Google is to invest in wireless connectivity in Sub-Saharan Africa, according to a report, and is currently engaged in a series of discussions with regulators in Kenya and South Africa.

The Wall Street Journal (WSJ) reports the search engine giant is looking to build and run wireless networks in developing countries, aimed at connecting more people to the internet.

Google is also pursuing a similar strategy in Southeast Asia, with people familiar with the strategy telling the WSJ Google will be teaming up with telecoms firms to develop the networks.

The company’s move is guided by the reasoning that consumption of information catapults economies up the value chain, and with the necessary resources developing countries could manage to build infrastructure and put in place the relevant regulatory framework.

Google will this week hold a two-day meeting with a number of developers in Dakar, Senegal.

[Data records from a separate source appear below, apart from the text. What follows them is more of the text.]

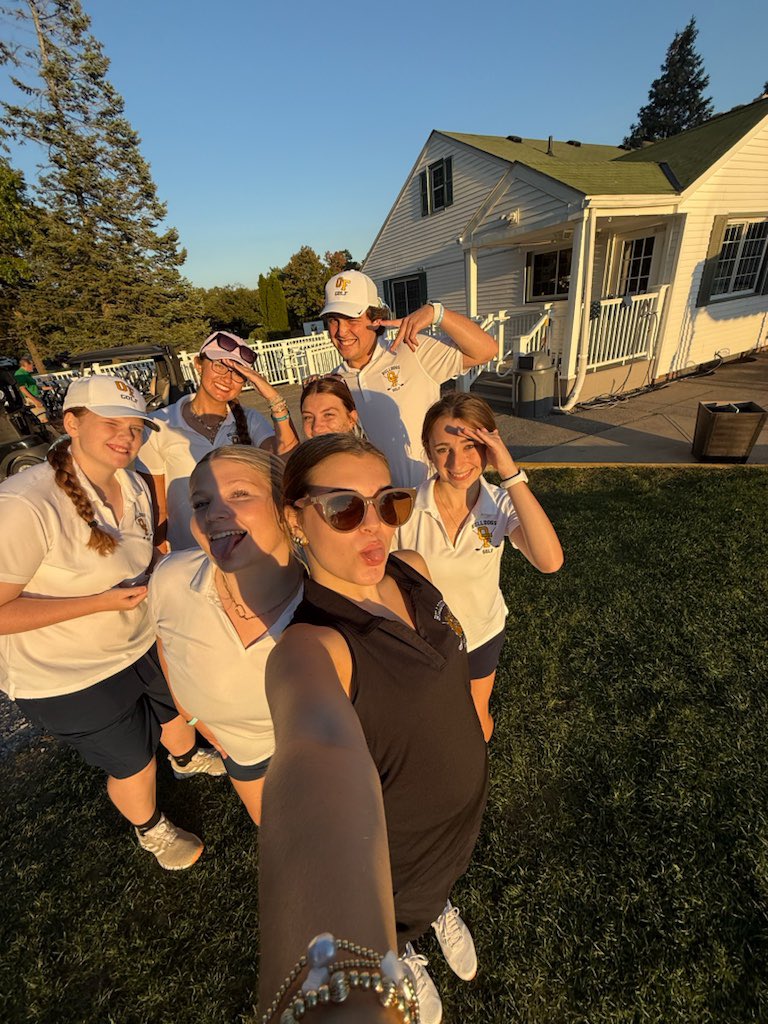 JV fell to Rocky River on Tuesday 193-176 at NOGC. The team was led by Julia Kassay (43), Lily Andrich (47), Addisyn Ritchie (51), and Khloe Trent (51). The team is now 3-5 and plays North Ridgeville today at Meadowood. Nice effort ladies!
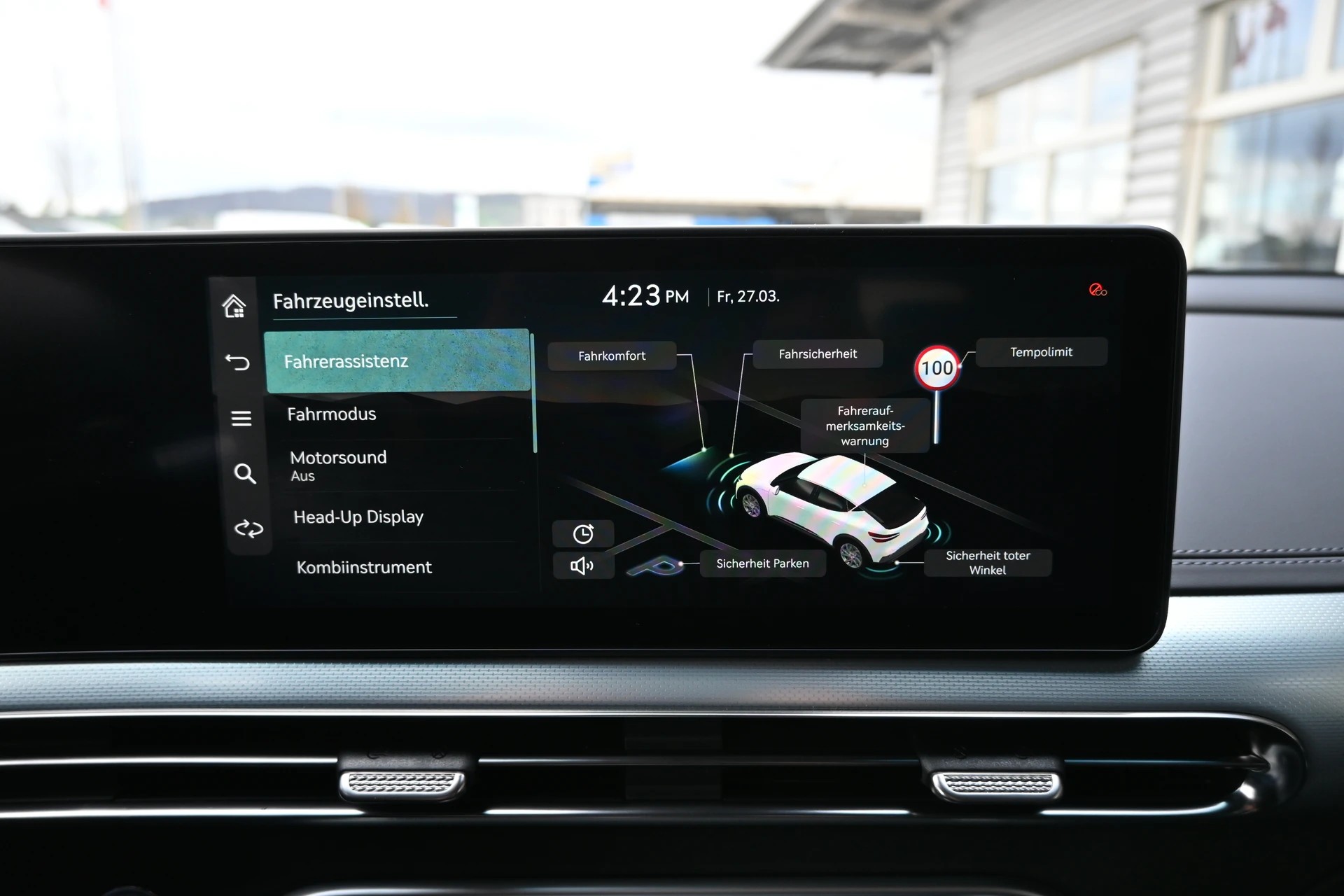 GENESIS GV60 77.4 kWh Sport Plus AWD 490PS 4X4 (CH Auto) + Werksgarantie 09.2029-image-24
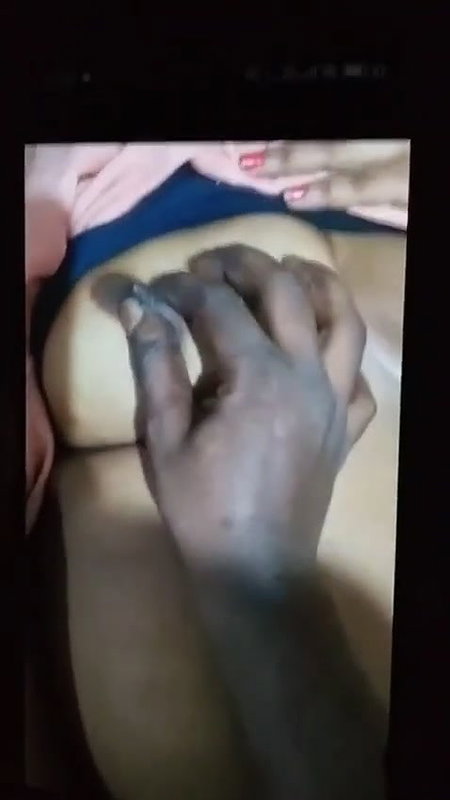 Tamil wife pussy rubbing and viral fucking with neighbor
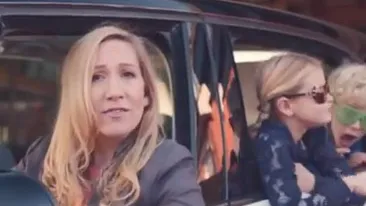 VIDEO O mamă cântă o melodie hip-hop despre creşterea copiilor. Vezi clipul care a devenit viral din prima zi de lansare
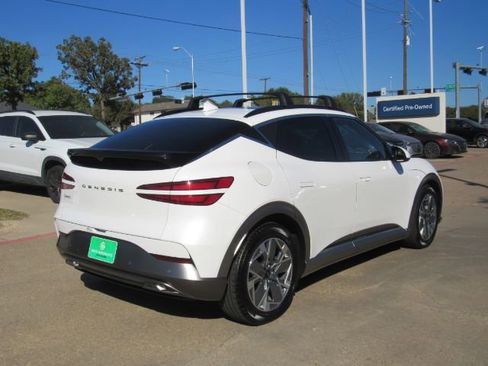 Used 2024 Genesis GV60 RWD image 8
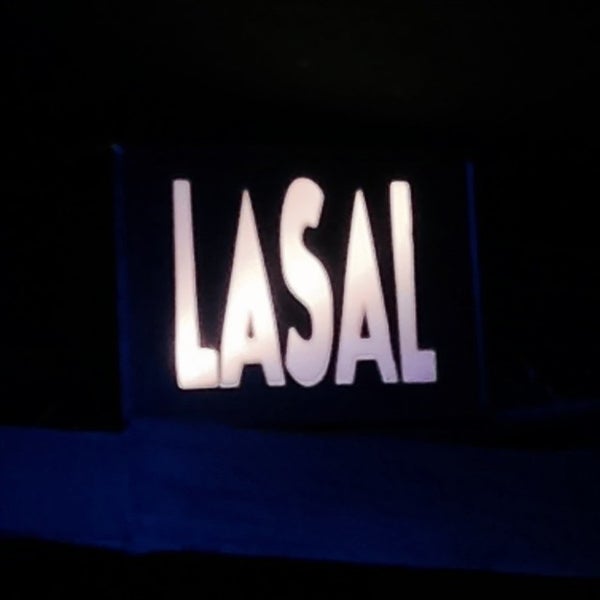Das Foto wurde bei LASAL Bar Club von Veo Arte en todas pArtes am 1/16/2014 aufgenommen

In a recent post, Google chairman Eric Schmidt projected the entire world would be online by 2020, with Africa currently among the lowest regions in terms of internet penetration.

“For every person online, there are two who are not. By the end of the decade, everyone on Earth will be connected,” Schmidt said on his Google+ page.

The WSJ further reports the search giant is lobbying regulators in the respective countries to release spectrum reserved for television broadcast, while also working on high-altitude platforms in the form of blimps, to transmit signals.